While the notion of syntactic acceptability is well studied from a linguistic point of view and in terms of neural language model representations (Marvin and Linzen, 2018; Warstadt et al., 2019, 2020; Hu et al., 2020, inter alia), it remains less clear what neural models are capable of capturing when modelling language across sentence boundaries.

There exists a large body of work in linguistics regarding different notions of coherence, such as the influence of coreference (Hobbs, 1979; Barzilay and Lapata, 2008, inter alia), Centering theory (Grosz et al., 1995), discourse structure Mann and Thompson (1987); Webber et al. (2003), and phenomena that connect utterances in dialogue, such as conversational maxims (Grice, 1975) or speaker interaction (Lascarides and Asher, 2009).

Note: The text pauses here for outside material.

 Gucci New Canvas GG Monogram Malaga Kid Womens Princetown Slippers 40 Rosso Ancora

Many of these are also mentioned by coherence evaluation studies, nonetheless they mostly revert to the use of some form of sentence-order variations (Chen et al., 2019; Moon et al., 2019; Xu et al., 2019; Mesgar et al., 2020). While some progress has been made towards incorporating more linguistically motivated test sets (Chen et al., 2019; Mohammadi et al., 2020; Pishdad et al., 2020), most evaluation studies focus on models trained specifically on coherence classification and prediction tasks.

Language models.

The recently proposed transformer language model GPT-2 (Radford et al., 2019) has been shown to perform very well on many downstream language tasks. See et al. (2019) quantitatively evaluate GPT-2 as a language generator and find that it generally performs on par with a state-of-the-art neural story generation model. However, they also note that their automatic measures focus mostly on text diversity and stress the need for more qualitative evaluation methods for notions like text coherence.

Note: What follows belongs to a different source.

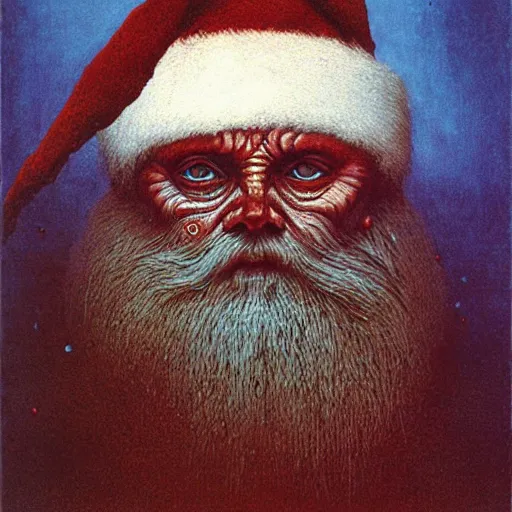 Image similar to son of satan and santa portrait by beksinski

GPT-2 is also the basis of the recently proposed dialogue model DialoGPT (Zhang et al., 2020), which is fine-tuned on conversational data from Reddit. Mehri and Eskenazi (2020) argue that DialoGPT encodes several notions of dialogue quality, including coherence. They manually create several positive and negative follow-up utterances for certain dialog qualities (e.g. “Wow, that’s interesting!" or “I’m confused."). The likelihood of DialoGPT outputting either of them is then used to give an overall score per quality. The notion of dialogue coherence, although shown to be among the most important for predicting overall dialogue quality, is found to be one of the hardest to predict using this method. The authors attribute this to the fact that coherence (or the lack thereof) is seldom verbalised, so the model is not able to associate this notion with specific follow-up utterances. We take this a step back and evaluate the evaluator in order to get a better understanding of which notions of coherence are actually implicitly encoded in DialoGPT.

We test GPT-2 and DialoGPT on different notions of discourse and dialogue coherence by evaluating them on specifically designed test suites building on the SyntaxGym methodology.

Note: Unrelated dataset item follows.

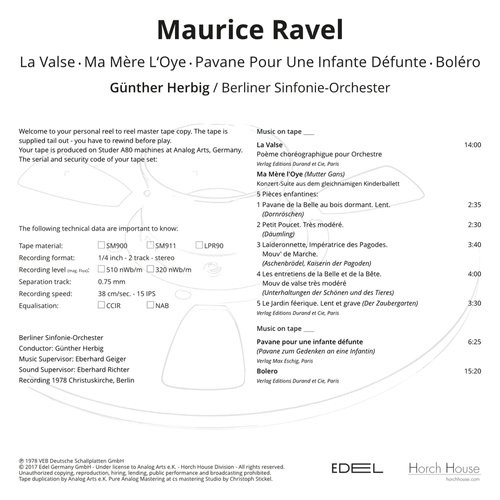 Maurice Ravel La Valse, Ma Mere l'oye, Pavane pour une infante Defunte, Bolero Master Quality Reel To Reel Tape (2Reel) 6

3 From SyntaxGym to CoherenceGym: Querying Coherence Judgements and Creating Datasets

We show that the methods implemented in SyntaxGym can also be applied to evaluate phenomena that go beyond a single sentence. SyntaxGym is based on the psycholinguistically motivated notion of surprisal, which they utilise to compare the scores assigned by a language model to specific regions in a minimal pair of sentences. In our CoherenceGym setting, the regions of interest comprise larger chunks up to whole sentences. We calculate the models’ token level surprisals and aggregate them over all tokens in the region of interest. As the continuations may differ in more than one token and can be of different lengths, we use the mean region surprisal.222This required a slight adaptation of syntaxgym, which is now part of the official implementation.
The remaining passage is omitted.